In general, no constitutional or procedural bar prohibits a plaintiff from seeking
injunctive relief that, if granted, would conflict with an order previously entered in another action
to which the plaintiff was not a party. See Taylor v. Sturgell, 553 U.S. 880, 892-93 (2008);
Martin v. Wilks, 490 U.S. 755, 761 (1989).
PLAINTIFFS’ SUPPLEMENTAL FILINGS STILL MAKE NO SHOWING
OF INJURY SUFFICIENT TO ESTABLISH THEIR STANDING.

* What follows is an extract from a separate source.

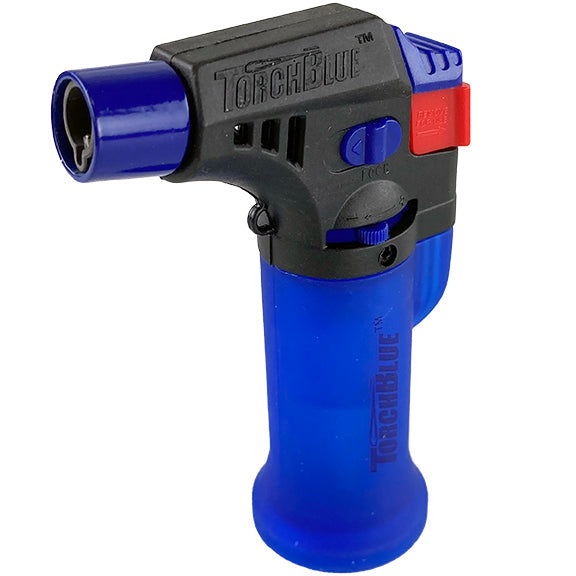 ITEM NUMBER 024004 MINI XXL TORCH BLUE 12 PIECES PER DISPLAY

Because reaching the merits of Plaintiffs’ non-precluded claims would force the Court to
decide whether actions taken by a coordinate Branch of the Federal Government in the field of
intelligence gathering are unconstitutional, the Court’s application of Article III’s standing
requirements must be “especially rigorous.” Amnesty Int’l v. Clapper, 133 S. Ct. 1138, 1147
(2013). Nothing in Plaintiffs’ reply, or the affidavits filed with it, is sufficient to support their
standing under the circumstances of these cases.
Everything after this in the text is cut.